YourTTS: Towards Zero-Shot Multi-Speaker TTS and Zero-Shot Voice Conversion for Everyone

YourTTS is a model for zero-shot multi-speaker Text-to-Speech (TTS) and voice conversion, built on the VITS framework with novel modifications for multi-speaker and multilingual training. It achieves state-of-the-art results in zero-shot multi-speaker TTS and competitive performance in voice conversion on the VCTK dataset. The model enables synthesis for speakers with different voices or recording conditions from those in the training data, even with less than a minute of fine-tuning data.

This repository provides the official VCTK checkpoint, aiming to offer a fair comparison and restore access to a full training-ready version of YourTTS.

Model Details

Architecture: YourTTS builds upon the VITS model, integrating speaker consistency loss, multilingual data handling, and other customizations.
Tasks Supported:
- Zero-shot multi-speaker TTS: Synthesize speech in multiple voices, even without prior training data for a specific speaker.
- Zero-shot voice conversion: Convert a source voice to sound like a target speaker.
Training Data: Multilingual training was performed with more than 1,000 English speakers, but only 5 speakers in French and 1 speaker in Portuguese. The language batch balancer used during training allocates a significant portion of batches to the few non-English speakers.

Important Notice

Previous Issues with Checkpoints

The original models were hosted at Edresson's GitHub repository, but the hosting server was wiped out, resulting in broken links. Additionally, a commercial version of YourTTS was made available through Coqui, but it only included the predictor, not the discriminator. This omission impacts training capabilities, leading to suboptimal results for some users who attempted fine-tuning.

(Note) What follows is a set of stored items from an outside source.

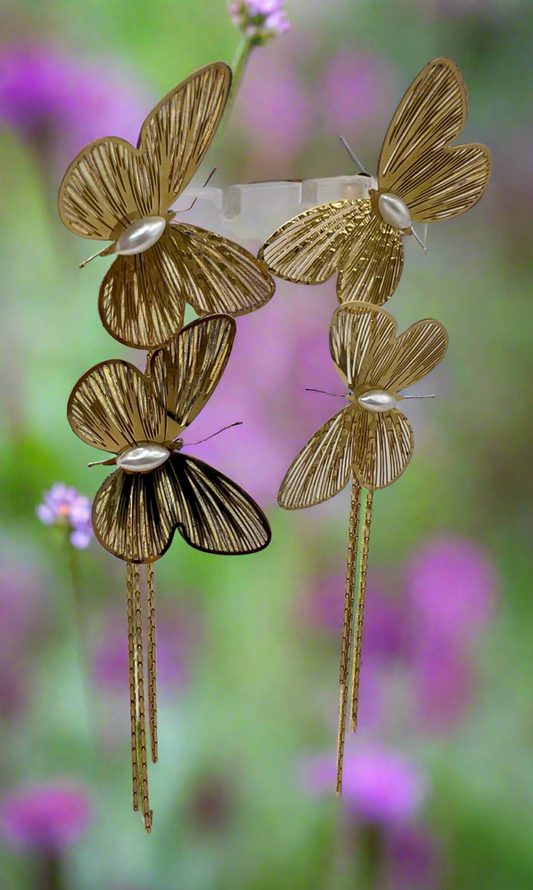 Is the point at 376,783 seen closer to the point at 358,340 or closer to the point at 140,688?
the point at 140,688

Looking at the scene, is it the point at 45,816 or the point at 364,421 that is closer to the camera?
the point at 364,421

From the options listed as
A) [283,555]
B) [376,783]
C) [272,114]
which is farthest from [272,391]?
[376,783]

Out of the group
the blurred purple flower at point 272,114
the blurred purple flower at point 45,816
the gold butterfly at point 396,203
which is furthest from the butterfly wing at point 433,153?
the blurred purple flower at point 45,816

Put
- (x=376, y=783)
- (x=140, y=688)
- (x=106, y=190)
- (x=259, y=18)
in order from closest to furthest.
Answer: (x=106, y=190) < (x=140, y=688) < (x=259, y=18) < (x=376, y=783)

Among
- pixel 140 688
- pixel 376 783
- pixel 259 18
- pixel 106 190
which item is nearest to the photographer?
pixel 106 190

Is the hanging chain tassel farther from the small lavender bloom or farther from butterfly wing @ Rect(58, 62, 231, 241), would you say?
the small lavender bloom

Concerns About Previous Comparisons

Several recent works (Li et al., 2023; Wang et al., 2023; Kim et al., 2023) have compared their models against the multilingual checkpoint of YourTTS. However, the comparison may not be fair due to the limited speaker diversity in non-English languages during training. The imbalanced training can result in overfitting and reduced performance in English. Refer to Section 4.1 of the original paper for more details.

Usage

Text-to-Speech (TTS)

To use the 🐸 TTS version v0.7.0 released YourTTS model for Text-to-Speech, run the following command:

tts --text "This is an example!" --model_name tts_models/multilingual/multi-dataset/your_tts --speaker_wav target_speaker_wav.wav --language_idx "en"

In this example, target_speaker_wav.wav should be an audio sample from the target speaker.

Voice Conversion

To use the 🐸 TTS released YourTTS model for voice conversion, run the following command:

tts --model_name tts_models/multilingual/multi-dataset/your_tts --speaker_wav target_speaker_wav.wav --reference_wav target_content_wav.wav --language_idx "en"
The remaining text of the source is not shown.